McDonalds workers work for McDonalds. Some McDonalds are franchised and those workers still work for McDonalds.

You seem very concerned about these low wage workers. That's quite admirable of you.


Tiny changes at the margins absolutely drive decision making. It's not about "company x is making $y so they should have to pay $z." Companies will pay what they have to in order to get what they need. If that thing becomes more expensive they may look elsewhere.


Company McDonalds made 1.47 per share (815M) shares so, yeah, they should have to pay a minimum wage. In Oakland CA where I live, that's currently $12.86 and McDonalds has not left town.

I'm well aware of the microeconomics argument. It is basically ceteris paribus except that all things aren't equal.
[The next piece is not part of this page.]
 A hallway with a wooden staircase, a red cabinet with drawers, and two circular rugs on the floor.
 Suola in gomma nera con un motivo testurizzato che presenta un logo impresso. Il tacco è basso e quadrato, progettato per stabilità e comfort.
You're leaving out a lot of the beneficial aspects of a MW such as more money spent by the wage earners. You're also ignoring a tremendous amount of empirical experience with MWs around the world.

In particular, Red States with low MWs, basically at the Federal minimum, aren't economic miracles.

http://minimum-wage.insidegov.com/


Surely you realize that McDonalds is a franchise? Therefore that company isn't paying the wages of workers, it's the local franchisee.


I don't care about larger companies or companies that make more than $10 million a year. There is a real problem with money in America's smaller companies. Just because you want giant companies to pay $15+ an hour for labor is not fair to smaller companies.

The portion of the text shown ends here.